Reputation: 45
I'm following a Udemy course on learning BS4 and it seems to be a bit outdated so I'm having trouble with this part.
The objective is to scrape the price of this TV from this amazon page, and in the course the instructor also gets this error and says he fixes it by changing the class name he's searching for via findAll. I tried the same thing (meaning different class not the same one he used) and was met again with the attribute error. According to the answer for a similar issue, the class being searched for didn't contain what was being looked for, but I don't believe the same is happening to me.
The code: https://pastebin.com/SMQBXt31 `
from datetime import datetime
import requests
import csv
import bs4
USER_AGENT = "Mozilla/5.0 (Macintosh; Intel Mac OS X 10_15_7) AppleWebKit/605.1.15 (KHTML, like Gecko) Version/15.3 Safari/605.1.15"
REQUEST_HEADER = {
"User-Agent": USER_AGENT,
"Accept-Language": "en-US, en;q=0.5"
}
def get_page_html(url):
res = requests.get(url=url, headers=REQUEST_HEADER) #res = response
return res.content
def get_product_price(soup):
main_price_span = soup.find("span", attrs={
"class": "a-price aok-align-center reinventPricePriceToPayPadding priceToPay"
})
price_spans = main_price_span.findAll("span")
for span in price_spans:
price = span.text.strip().replace("$", "").replace(",", "")
print(price)
def extract_product_info(url):
product_info = {}
print(f"Scraping URL: {url}")
html = get_page_html(url)
soup = bs4.BeautifulSoup(html, "lxml")
product_info["price"] = get_product_price(soup)

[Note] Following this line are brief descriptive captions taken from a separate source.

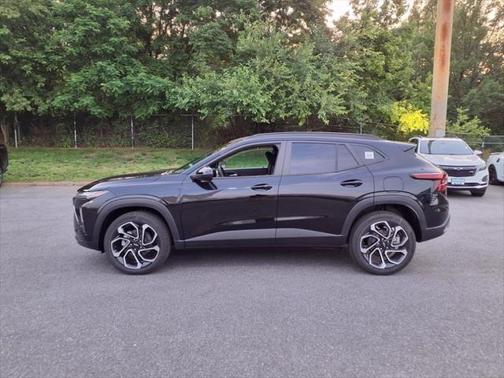 2025 Chevrolet Trax FWD 2RS
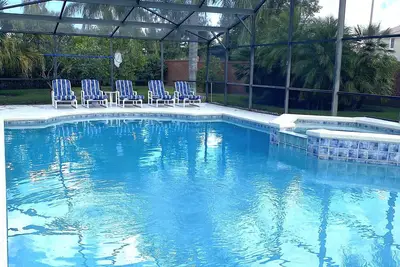 Image de Proche de Disney! 4 lits King, piscine \/ spa * vue sur le lac * table de billard * super avis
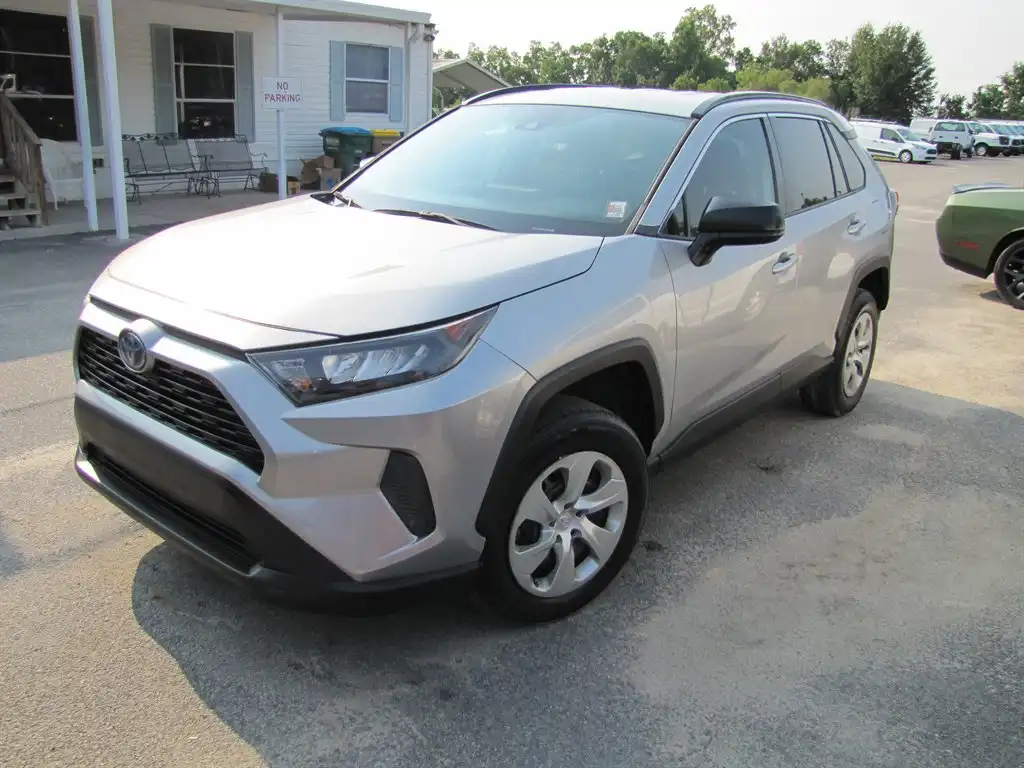 2019 Toyota RAV4 LE FWD's photo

if __name__ == '__main__':
with open("amazon_products_urls.csv", newline="") as csvfile:
reader = csv.reader(csvfile, delimiter=",")
for row in reader:
url = row[0]
print(extract_product_info(url))
`
Upvotes: 0
Views: 44
Reputation: 16187
There are lot of spans
from that you have to select only the price span class correctly which are located in [class="a-size-mini olpWrapper"]
price_spans = main_price_span.find_all("span",class_="a-size-mini olpWrapper")
for span in price_spans:
price = span.text.strip().replace("$", "").replace(",", "")
print(price)
#OR
price_spans =[x.get_text(strip=True).replace("$", "") for x in main_price_span.find("span",class_="a-size-mini olpWrapper")]
Upvotes: 1